Lodowiec podrygujący na wodzie
Lodowiec Szelfowy Rossa jest olbrzymem o powierzchni 0,5 mln km2 i grubości od 800 m. Stanowi przedłużenie lądolodu antarktycznego, a zasilają go spływające z lądu wielkie strumienie lodu. Najwięcej lodu pochodzi z zachodniej części kontynentu, najwrażliwszej na wahania temperatury globalnej. Zachodnia Antarktyda znikała wielokrotnie w ciągu ostatnich milionów lat (a wcześniej nie było jej wcale). Jeśli więc znów miałaby ulec klimatowi, to jedną z pierwszych oznak powinno być przyspieszenie transportu lodu z wnętrza Białego Lądu.

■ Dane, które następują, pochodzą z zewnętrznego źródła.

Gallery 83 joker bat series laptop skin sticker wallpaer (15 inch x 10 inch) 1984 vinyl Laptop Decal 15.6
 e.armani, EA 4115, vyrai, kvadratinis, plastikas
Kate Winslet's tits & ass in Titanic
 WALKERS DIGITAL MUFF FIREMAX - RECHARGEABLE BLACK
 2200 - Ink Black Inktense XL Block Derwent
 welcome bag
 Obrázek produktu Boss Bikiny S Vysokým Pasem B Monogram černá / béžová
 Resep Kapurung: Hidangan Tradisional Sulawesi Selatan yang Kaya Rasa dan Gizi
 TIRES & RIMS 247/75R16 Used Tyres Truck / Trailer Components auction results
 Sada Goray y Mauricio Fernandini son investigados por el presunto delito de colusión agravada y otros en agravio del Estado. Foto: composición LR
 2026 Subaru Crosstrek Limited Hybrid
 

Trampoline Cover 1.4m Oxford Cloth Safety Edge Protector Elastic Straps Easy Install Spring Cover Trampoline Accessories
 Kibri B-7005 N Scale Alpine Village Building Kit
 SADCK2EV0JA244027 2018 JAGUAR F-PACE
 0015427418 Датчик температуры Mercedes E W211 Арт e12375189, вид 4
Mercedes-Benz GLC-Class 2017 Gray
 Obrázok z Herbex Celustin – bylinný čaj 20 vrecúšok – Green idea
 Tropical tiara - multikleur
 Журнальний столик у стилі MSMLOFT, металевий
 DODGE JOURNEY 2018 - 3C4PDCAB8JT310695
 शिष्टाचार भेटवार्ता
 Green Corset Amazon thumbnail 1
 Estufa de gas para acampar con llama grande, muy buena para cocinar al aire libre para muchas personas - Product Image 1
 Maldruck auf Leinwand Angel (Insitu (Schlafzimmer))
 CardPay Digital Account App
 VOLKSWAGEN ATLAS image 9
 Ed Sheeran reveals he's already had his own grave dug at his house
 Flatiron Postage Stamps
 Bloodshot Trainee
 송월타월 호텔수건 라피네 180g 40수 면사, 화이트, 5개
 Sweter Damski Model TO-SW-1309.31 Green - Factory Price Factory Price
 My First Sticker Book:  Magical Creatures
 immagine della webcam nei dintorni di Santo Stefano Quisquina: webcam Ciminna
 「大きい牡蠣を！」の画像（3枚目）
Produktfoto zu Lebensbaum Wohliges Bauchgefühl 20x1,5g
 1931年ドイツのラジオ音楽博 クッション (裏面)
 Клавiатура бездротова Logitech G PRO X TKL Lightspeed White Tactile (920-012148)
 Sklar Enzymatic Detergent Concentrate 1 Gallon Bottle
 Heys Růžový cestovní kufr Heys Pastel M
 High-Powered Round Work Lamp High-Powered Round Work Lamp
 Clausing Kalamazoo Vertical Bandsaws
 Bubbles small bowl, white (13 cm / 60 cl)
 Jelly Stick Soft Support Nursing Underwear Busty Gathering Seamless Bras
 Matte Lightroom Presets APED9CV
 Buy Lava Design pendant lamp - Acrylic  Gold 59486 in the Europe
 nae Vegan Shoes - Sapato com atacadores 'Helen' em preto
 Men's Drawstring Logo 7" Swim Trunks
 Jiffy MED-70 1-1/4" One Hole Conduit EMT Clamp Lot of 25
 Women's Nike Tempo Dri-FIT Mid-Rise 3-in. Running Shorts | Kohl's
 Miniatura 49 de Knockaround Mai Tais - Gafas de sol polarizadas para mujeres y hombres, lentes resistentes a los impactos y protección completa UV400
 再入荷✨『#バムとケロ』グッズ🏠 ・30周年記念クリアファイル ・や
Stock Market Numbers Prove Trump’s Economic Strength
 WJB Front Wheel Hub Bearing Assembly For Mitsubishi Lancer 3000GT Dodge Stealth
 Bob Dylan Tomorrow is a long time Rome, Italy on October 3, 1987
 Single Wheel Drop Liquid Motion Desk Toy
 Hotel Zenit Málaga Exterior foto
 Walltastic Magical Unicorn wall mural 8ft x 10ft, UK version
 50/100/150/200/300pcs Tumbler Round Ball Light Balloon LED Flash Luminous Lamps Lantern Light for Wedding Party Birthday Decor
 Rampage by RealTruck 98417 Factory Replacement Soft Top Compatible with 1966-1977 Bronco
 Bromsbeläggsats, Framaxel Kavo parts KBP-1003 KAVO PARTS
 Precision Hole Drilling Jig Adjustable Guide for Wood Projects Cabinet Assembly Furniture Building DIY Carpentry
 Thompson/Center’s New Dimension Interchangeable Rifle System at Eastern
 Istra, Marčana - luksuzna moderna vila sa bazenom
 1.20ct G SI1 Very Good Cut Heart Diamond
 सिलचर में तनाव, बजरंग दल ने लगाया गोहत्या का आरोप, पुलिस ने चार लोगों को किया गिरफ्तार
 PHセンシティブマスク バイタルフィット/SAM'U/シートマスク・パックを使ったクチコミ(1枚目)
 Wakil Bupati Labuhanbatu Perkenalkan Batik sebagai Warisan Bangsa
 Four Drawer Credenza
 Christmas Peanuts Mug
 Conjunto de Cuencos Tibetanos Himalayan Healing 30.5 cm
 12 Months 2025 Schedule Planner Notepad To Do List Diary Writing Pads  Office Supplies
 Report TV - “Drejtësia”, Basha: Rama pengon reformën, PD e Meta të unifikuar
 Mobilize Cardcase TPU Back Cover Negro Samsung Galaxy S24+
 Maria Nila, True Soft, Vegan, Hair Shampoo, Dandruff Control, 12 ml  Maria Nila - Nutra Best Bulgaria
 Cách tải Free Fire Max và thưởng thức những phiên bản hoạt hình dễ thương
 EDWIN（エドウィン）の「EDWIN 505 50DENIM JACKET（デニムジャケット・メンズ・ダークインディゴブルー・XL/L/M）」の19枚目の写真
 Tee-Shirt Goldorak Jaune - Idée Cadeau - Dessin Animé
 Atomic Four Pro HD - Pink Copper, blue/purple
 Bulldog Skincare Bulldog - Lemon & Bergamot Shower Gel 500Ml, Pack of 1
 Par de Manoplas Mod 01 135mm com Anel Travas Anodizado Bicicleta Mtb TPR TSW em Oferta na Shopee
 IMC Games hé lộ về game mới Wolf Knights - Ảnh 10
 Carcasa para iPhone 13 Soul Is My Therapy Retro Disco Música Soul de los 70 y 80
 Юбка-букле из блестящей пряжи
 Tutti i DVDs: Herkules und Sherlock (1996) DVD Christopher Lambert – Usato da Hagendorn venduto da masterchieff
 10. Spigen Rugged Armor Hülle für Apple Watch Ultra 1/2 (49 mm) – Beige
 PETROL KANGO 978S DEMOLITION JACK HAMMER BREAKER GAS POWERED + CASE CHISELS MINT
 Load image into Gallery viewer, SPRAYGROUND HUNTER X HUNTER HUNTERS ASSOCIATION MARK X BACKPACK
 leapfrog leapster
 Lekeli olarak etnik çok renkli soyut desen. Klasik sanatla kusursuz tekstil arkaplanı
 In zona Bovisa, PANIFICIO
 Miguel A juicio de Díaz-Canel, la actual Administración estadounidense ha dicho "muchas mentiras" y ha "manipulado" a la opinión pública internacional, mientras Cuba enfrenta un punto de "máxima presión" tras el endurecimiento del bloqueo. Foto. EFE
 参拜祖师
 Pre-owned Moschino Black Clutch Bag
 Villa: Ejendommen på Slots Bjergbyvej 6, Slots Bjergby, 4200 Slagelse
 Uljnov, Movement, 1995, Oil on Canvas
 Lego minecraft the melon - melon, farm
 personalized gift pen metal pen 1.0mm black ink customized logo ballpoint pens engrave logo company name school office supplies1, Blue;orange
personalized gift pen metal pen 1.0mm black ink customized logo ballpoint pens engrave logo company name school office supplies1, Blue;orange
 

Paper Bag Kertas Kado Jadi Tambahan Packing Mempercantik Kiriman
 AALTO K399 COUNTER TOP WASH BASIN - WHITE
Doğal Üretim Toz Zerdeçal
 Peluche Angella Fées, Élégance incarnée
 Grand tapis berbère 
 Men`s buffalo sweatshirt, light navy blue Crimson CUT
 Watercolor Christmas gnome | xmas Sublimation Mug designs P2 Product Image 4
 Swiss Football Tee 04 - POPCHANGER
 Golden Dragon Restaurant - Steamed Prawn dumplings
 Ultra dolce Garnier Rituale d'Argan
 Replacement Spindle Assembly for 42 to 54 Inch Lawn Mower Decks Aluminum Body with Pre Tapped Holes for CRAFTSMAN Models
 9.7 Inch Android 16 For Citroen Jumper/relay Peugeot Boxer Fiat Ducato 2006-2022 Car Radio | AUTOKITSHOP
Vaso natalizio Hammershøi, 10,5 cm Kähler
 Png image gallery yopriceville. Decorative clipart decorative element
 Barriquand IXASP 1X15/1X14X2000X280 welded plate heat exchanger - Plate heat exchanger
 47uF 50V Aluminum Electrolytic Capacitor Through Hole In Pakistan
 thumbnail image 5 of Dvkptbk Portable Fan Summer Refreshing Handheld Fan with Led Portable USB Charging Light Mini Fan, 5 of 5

Strumieni lodowych zasilających Lodowiec Szelfowy Rossa jest ok. 12, ale pod szczególnym nadzorem znajduje się najpotężniejszy z nich – Whillans Ice Stream – o szerokości 50 km i długości 500 km. Jak twierdzą autorzy najnowszej publikacji w „Geophysical Research Letters”, odpowiada on za to, że raz, dwa razy na dobę cały unoszący się na wodzie lodowiec przesuwa się o 6–8 cm. Trwa to kilka minut. Nie da się tego przesunięcia wykryć bez sejsmometrów. Dla ludzi jest ono nieodczuwalne.
Strumień Lodowy Whillans porusza tak wielką masą lodu, ponieważ sam się przemieszcza. Wykonuje krok o długości ok. 40 cm. Generuje wówczas silną falę sejsmiczną, przypominającą trzęsienie ziemi. O tym akurat było wiadomo od jakiegoś czasu, ale reakcję lodowca szelfowego odkryto dopiero teraz. Za regularność zjawiska prawdopodobnie odpowiada woda pod strumieniem lodowym, która na zmianę pojawia się i znika. To przejaw aktywności lodu.